Leave out pictures; repeat exactly the lines from the "Rani silk blend" line through the last of the data below.

[Given information]:
....

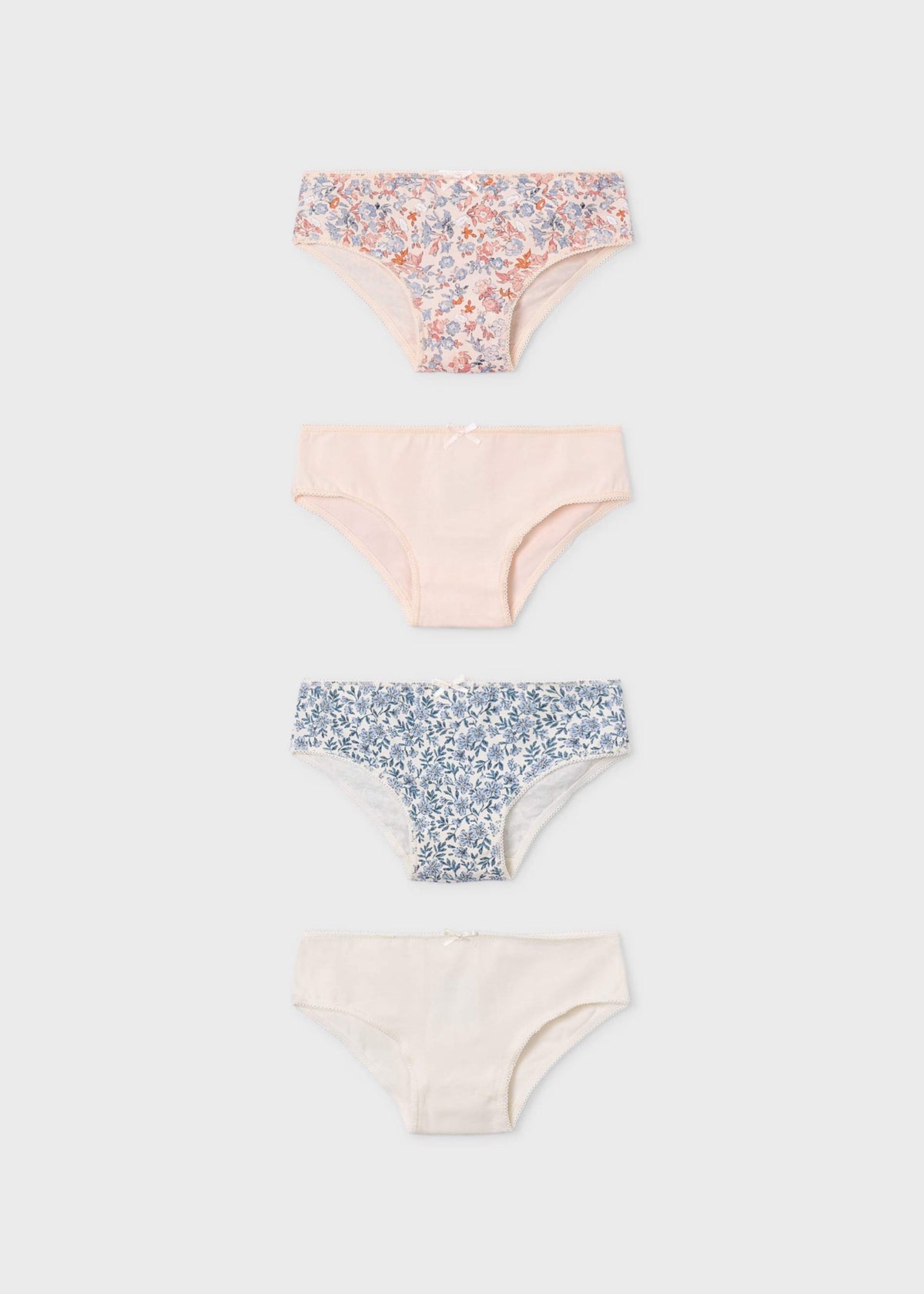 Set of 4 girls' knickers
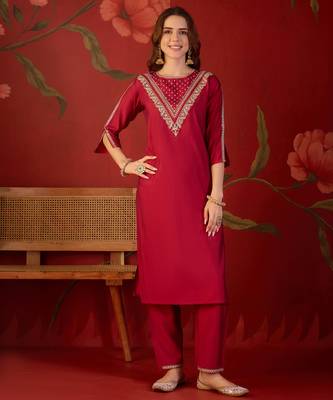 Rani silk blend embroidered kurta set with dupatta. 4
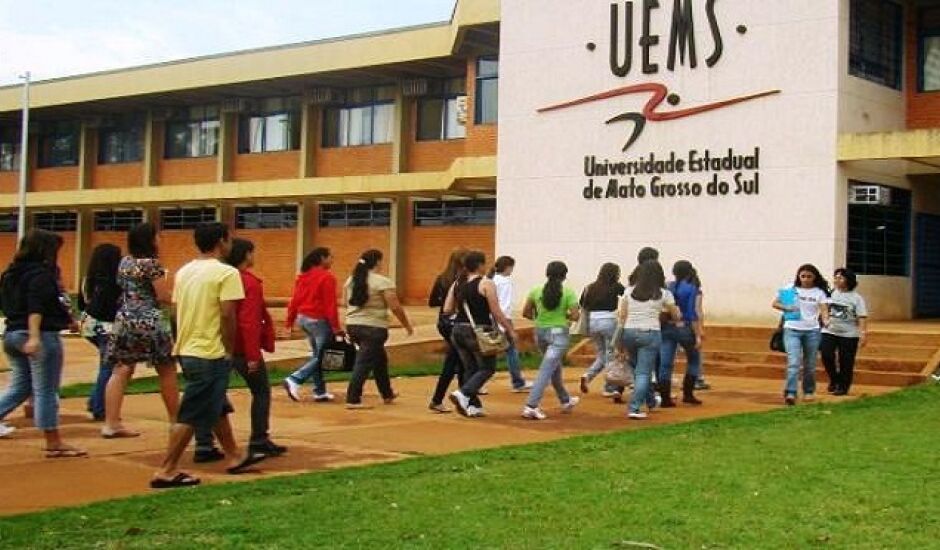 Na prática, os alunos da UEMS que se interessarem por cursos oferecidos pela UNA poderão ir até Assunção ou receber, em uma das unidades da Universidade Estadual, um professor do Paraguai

....

[Written answer]:
 Rani silk blend embroidered kurta set with dupatta. 4
 Na prática, os alunos da UEMS que se interessarem por cursos oferecidos pela UNA poderão ir até Assunção ou receber, em uma das unidades da Universidade Estadual, um professor do Paraguai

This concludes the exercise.